The application passively crawls websites, noting outgoing web requests and user interactions. It then generates user inputs and submits test data to these interactions to assess the application's behavior.
Results are presented as a graph, illustrating connections between pages, API calls, and interactions.
Note: Note: While eyegee-exec should be compatible with other vendors or local LLMs, it has been tested only with OpenAI's cloud models to date.
- Install ChromeDriver
Ensure ChromeDriver is installed on your system. This is required for the discovery process.
- Install Node.js and npm
Ensure Node.js and npm are installed on your system and configured in your system's PATH environment variable. This is required for the webserver with the graph interface.

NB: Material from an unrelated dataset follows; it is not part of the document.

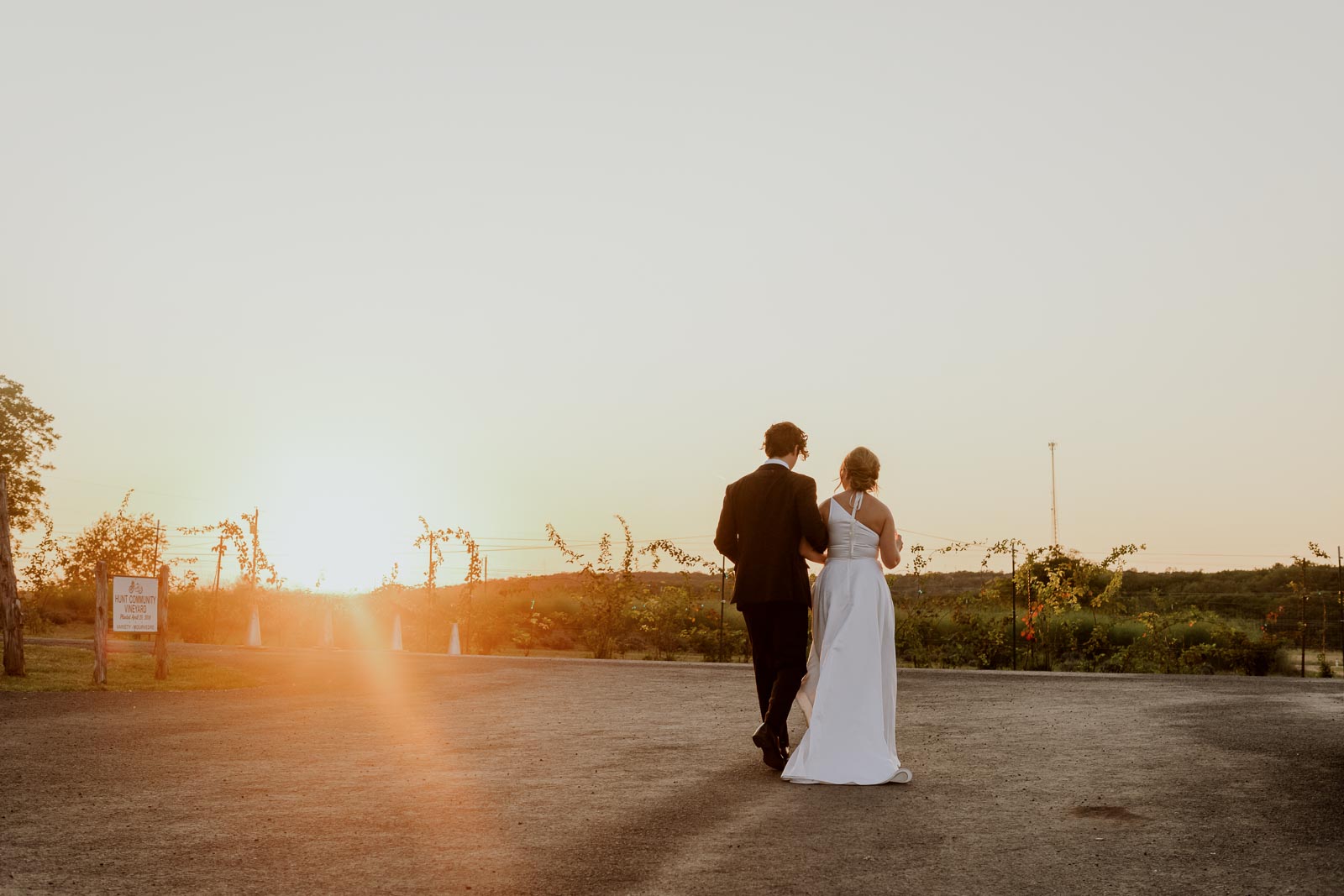 Wedding at Grace and David first met at a lakehouse in Dallas, and recently tied the knot at Bridget's Basket, in Hunt, Texas.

- Create and Activate a Python Virtual Environment
python -m venv venv
source venv/bin/activate
- Install the requirements
pip install -r requirements.txt
- Setup the Environment Variables
touch .env
vim .env
# Add the following line to the file:
OPENAI_API_KEY=<YOUR_KEY_HERE>
- Optional: Configure the Application
Adjust the configuration in
config.py
:
vim config.py
# Set llm model other settings such as chromedriver_path
- Execute the Discovery Module Run the discovery module to start mapping a web application:
python eyegee-exec.py -d -t http://localhost:80/
- Visualize the Results To visualize the results as a graph, execute the graph module:
python eyegee-exec.py -g
An example web application to test this tool can be accessed under: https://github.com/docluis/dentist or https://github.com/docluis/card_market
This tool was originally inspired by a Blogpost by Joseph Thacker. The tool was developed to present an ethical non-intrusive approach to autonomous LLM-based security analysis.
Development of eyegee-exec was made possible through the Bundesnachrichtendienst’s “Summer of Code” scholarship program, which provided critical resources for this project.